Et non seulement il ferait cela, mais il n’aurait ni le temps ni le pouvoir de faire autre chose. Il serait à jamais condamné à ce stérile effort de l’art pour l’art : faire une majorité pour la faire, mais non pour s’en servir ; puisque, dès qu’il voudrait s’en servir, il la déferait. Si peu accusées, si peu stables, si mal ébauchées et si chancelantes que soient dans le Parlement les majorités actuelles, quand il s’en rencontre, elles sont fermes de matière et de dessin comme un marbre de Michel-Ange, à côté de celles qu’on extrairait, si l’on pouvait les en extraire, des multiples minorités dont se composeraient les Chambres avec la représentation proportionnelle. Dieu nous garde, s’il n’est pire tyrannie que l’anarchie, de verser, de la tyrannie de la majorité, dans l’anarchie des minorités ! Là est le péril, et c’est ce qui fait que, sauf peut-être une ou deux exceptions, la représentation proportionnelle n’a fait aucune recrue parmi les hommes d’État contemporains, parmi ceux qui, au gouvernement, ont, plus que le souci de se maintenir, l’ambition de diriger.

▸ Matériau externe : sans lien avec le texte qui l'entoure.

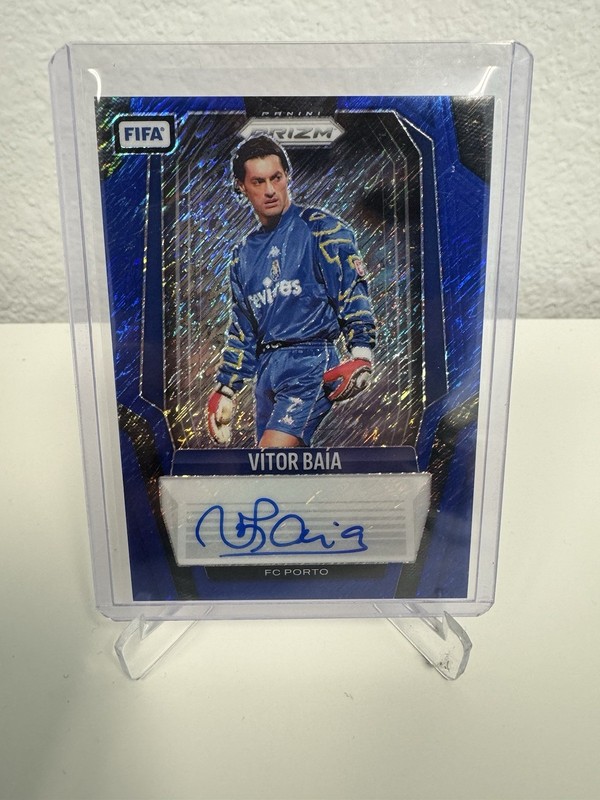 Panini Prizm FIFA 2025-26 Vítor Baía FC Porto Auto BLUE SHIMMER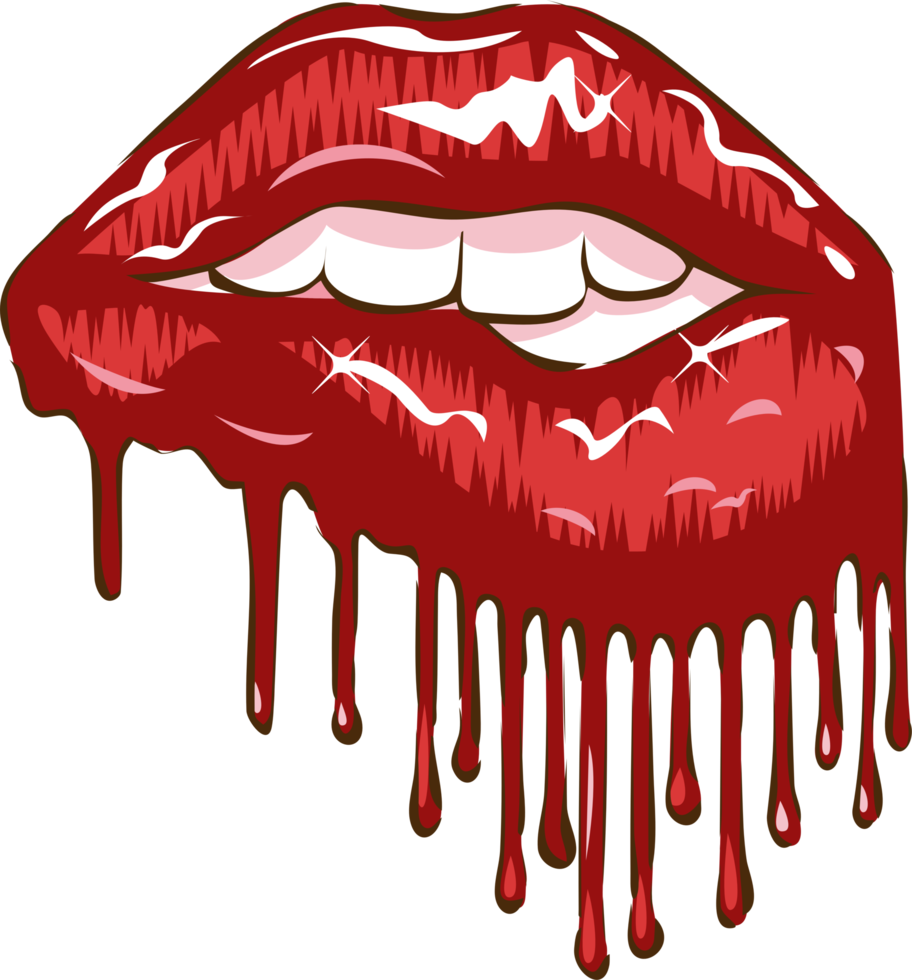 tropft Lippen png Grafik Clip Art Design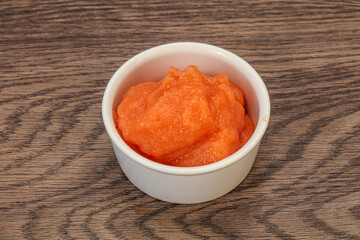 Cod fish roe in the bowl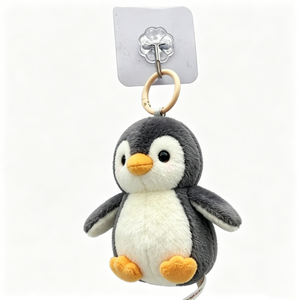 Custom Bear Plush Pillow <b>Keyring</b> Backpack <b>Charm</b> & Bag Pendant with Embossed Cartoon Design - Product Image 2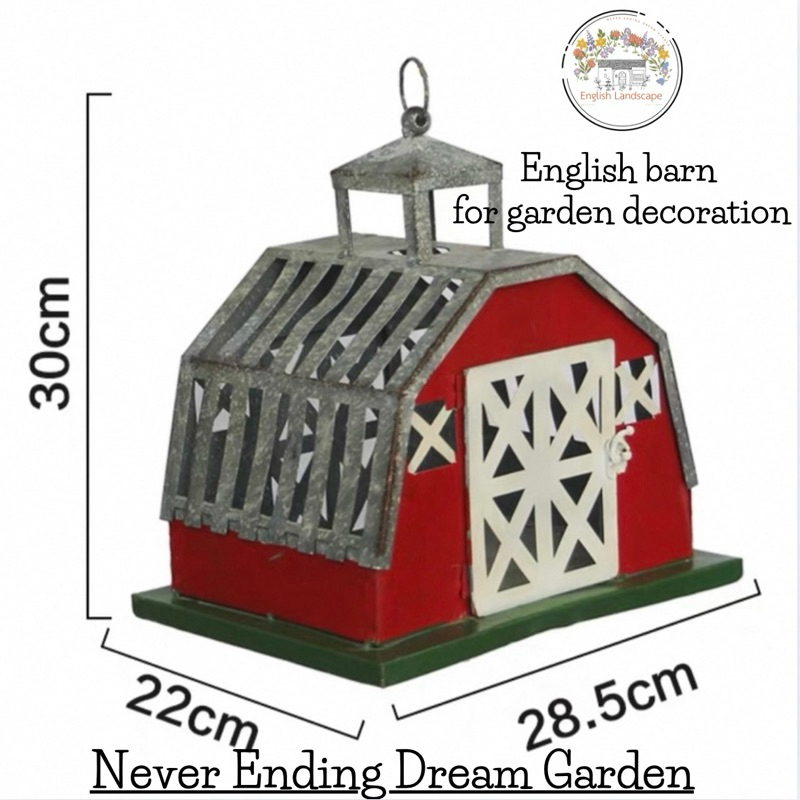 English barn for garden decoration โรงนาอังกฤษสำหรับตกแต่งสวน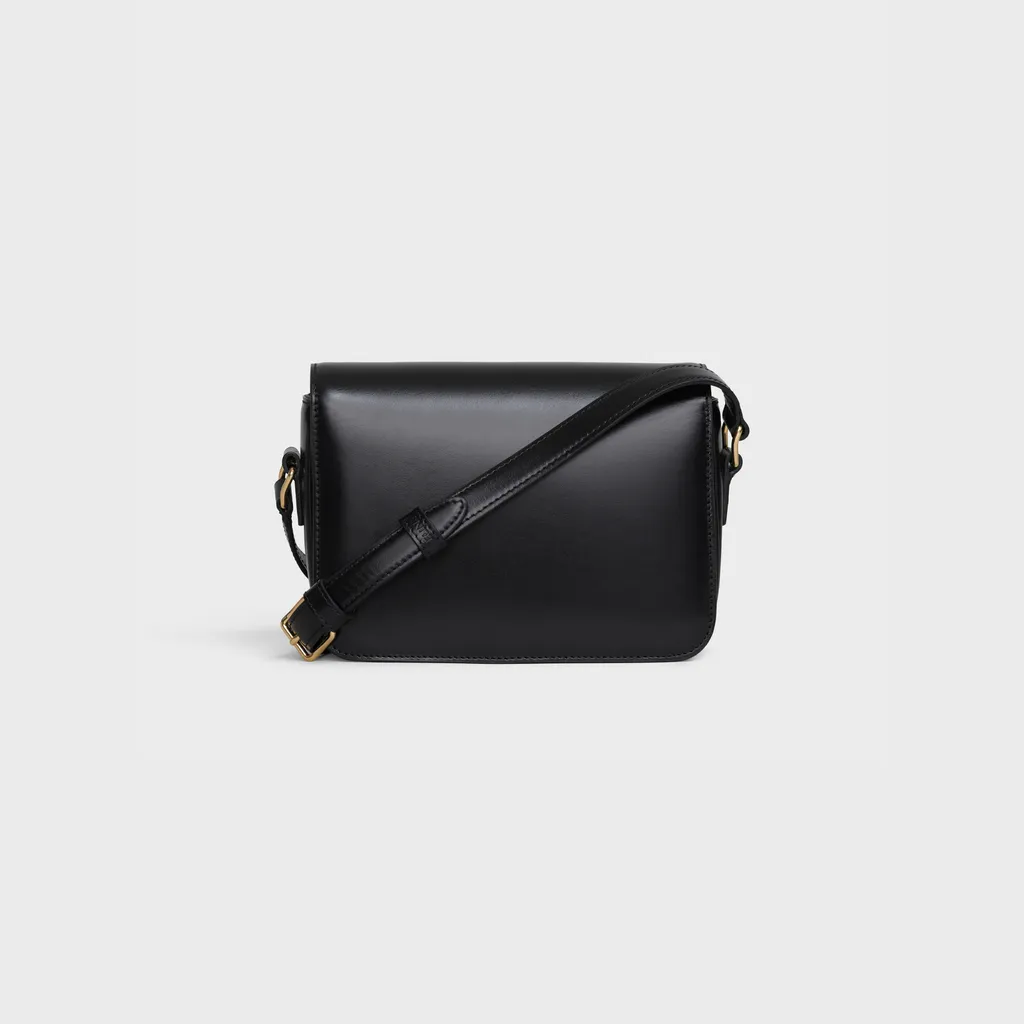 Teen Triomphe Bag In Shiny Calfskin
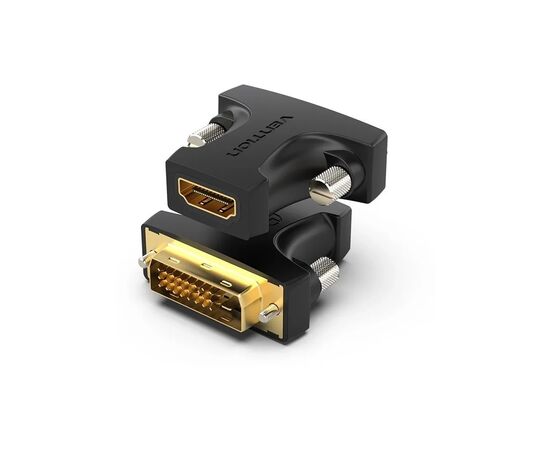 Переходник HDMI F to DVI M 24+1pin black Vention (AILB0)
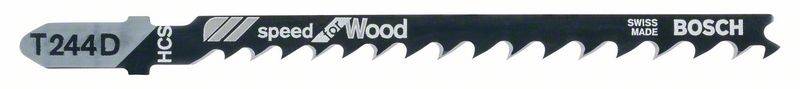 Bosch Stichsgeblatt T 244 D Speed for Wood, 100er-Pack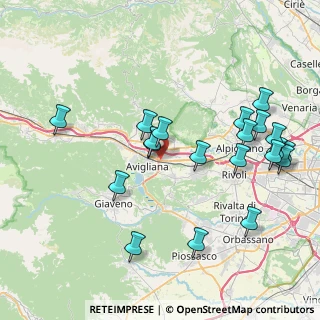 Mappa Viale M. Gandhi, 10041 Avigliana TO, Italia (8.6965)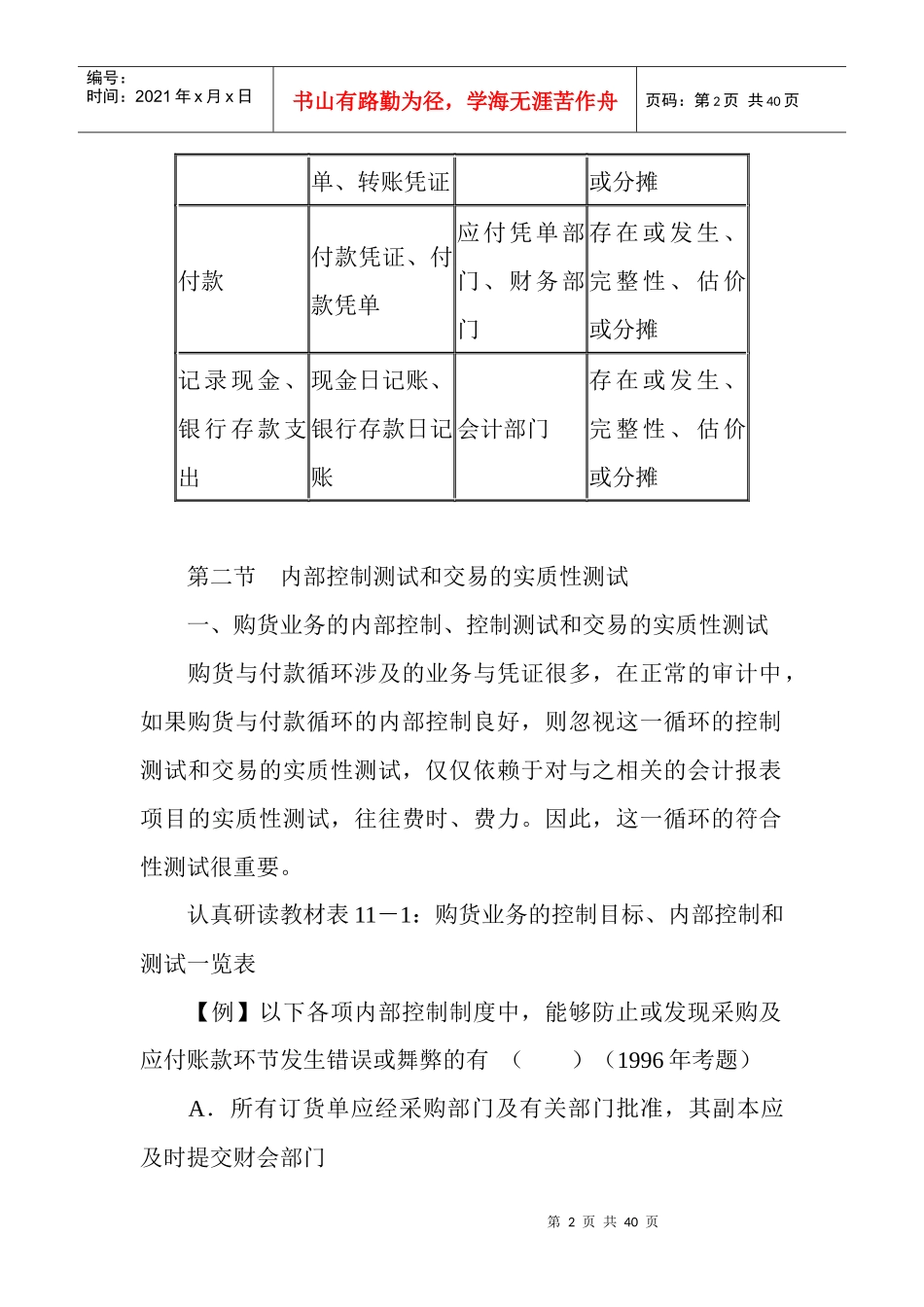 第十一章购货与付款循环审计_第2页
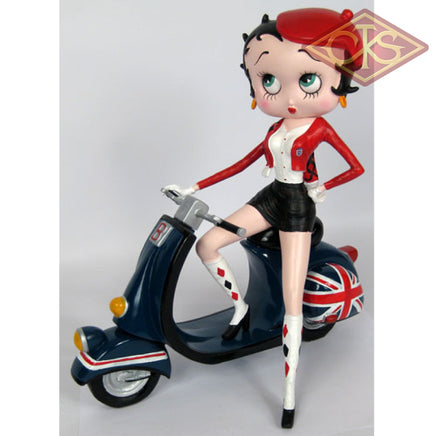 King Features Syndicate - Betty Boop On Scooter (Blue) (30 Cm)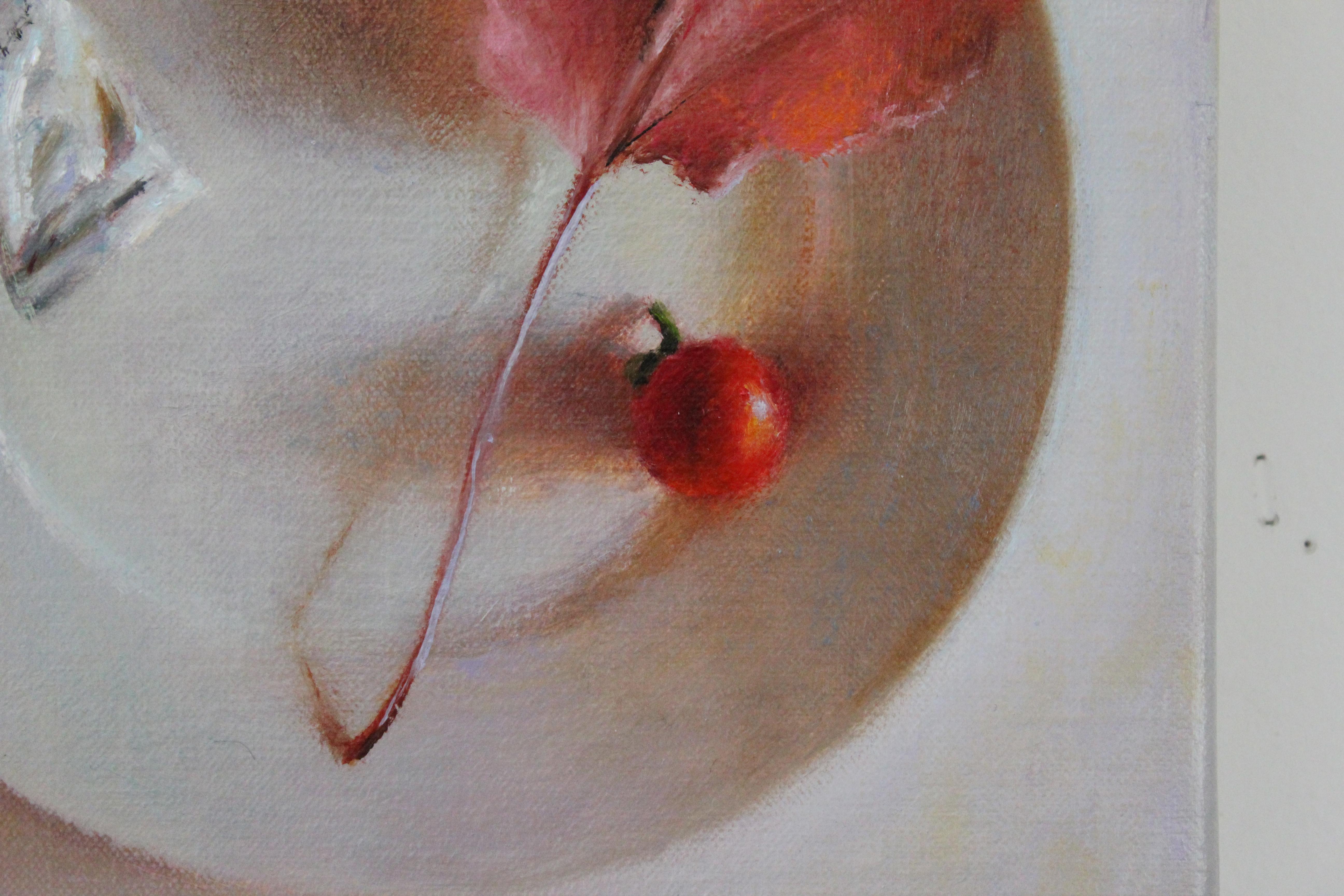 Der Herbsttag  (Grau), Still-Life Painting, von Louise Feneley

Oserait-on répondre qu’il n’importe, et que tout est bien, si toutes les minorités sont représentées et le sont en proportion de leur force numérique ? Ce serait se tromper étrangement sur ce qu’est dans l’Etat moderne le régime représentatif. Il n’est pas seulement le régime représentatif, mais le régime parlementaire. Il n’a pas pour fin unique la représentation, et même ce n’est pas tout son objet, ou ce ne sont pas ses seuls objets que la représentation et la législation. Le régime parlementaire a dans l’Etat moderne une triple fin : la représentation, la législation et le gouvernement. Ne retenir que la représentation, c’est oublier la seconde des choses qu’oublient les partisans de la représentation proportionnelle, à savoir que l’Etat n’est pas fait uniquement pour les individus.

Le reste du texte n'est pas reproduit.